There is a sense in which fans of Ian Brown are the Bilderberg Group of rock. They are a large, shadowy organisation. No one outside their mysterious ranks really understands their actions or motives, but it’s clear they wield considerable influence: enough at least to keep the former Stone Roses frontman thriving in the music business. His career has survived incarceration, accusations of homophobia and the oft-mentioned but incontrovertible fact that, away from the dulcifying technologies of the recording studio, his voice sounds less like something you’d actually pay money to listen to than something you’d deploy to stop ships crashing into Lizard Point in poor visibility.

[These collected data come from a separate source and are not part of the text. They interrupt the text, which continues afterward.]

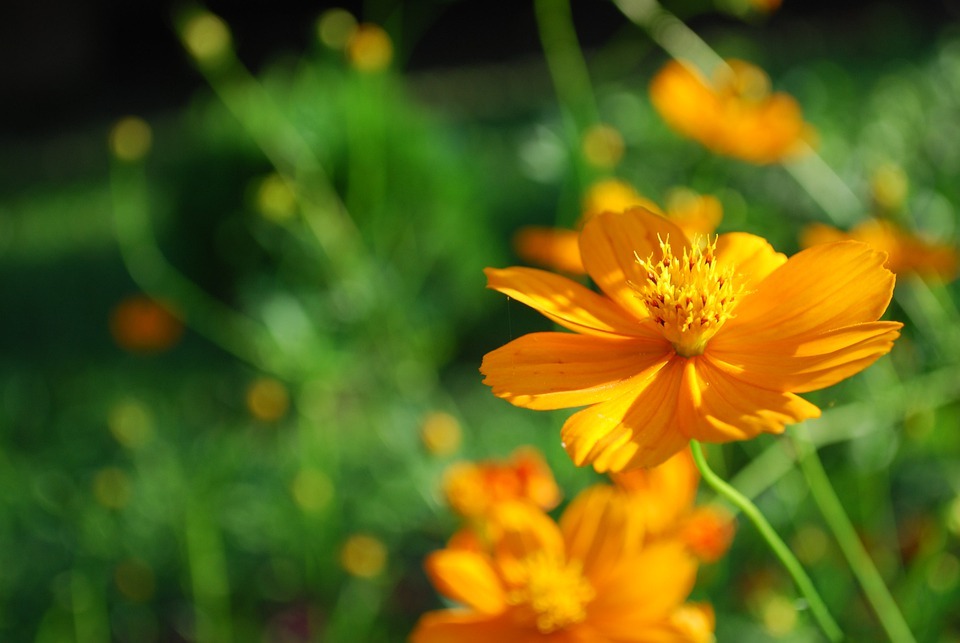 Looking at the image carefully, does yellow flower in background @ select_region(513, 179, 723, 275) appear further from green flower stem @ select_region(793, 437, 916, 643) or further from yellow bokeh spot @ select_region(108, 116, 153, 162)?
yellow bokeh spot @ select_region(108, 116, 153, 162)

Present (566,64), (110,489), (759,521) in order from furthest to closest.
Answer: (566,64)
(110,489)
(759,521)

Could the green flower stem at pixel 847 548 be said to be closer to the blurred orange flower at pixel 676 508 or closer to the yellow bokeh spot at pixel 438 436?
the blurred orange flower at pixel 676 508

On several occasions over the last decade, the present writer has attempted to go undercover, infiltrating their meetings at the Brixton Academy and the Southampton Guildhall, observing their participation in baffling occult rituals, including cheering wildly as Brown sets about a Stone Roses classic with the blunt instrument of his larynx, leaving She Bangs the Drums or I Wanna Be Adored lying insensible in intensive care, with a doctor by its bedside sadly shaking his head and offering grief counselling to its relatives. They appear to be having the time of their lives, but if you are not of their number, you reel away from an Ian Brown gig as you would from an unprovoked assault in a Yates’s Wine Lodge: shaken, confused, unable to work out what possessed you to go in there in the first place.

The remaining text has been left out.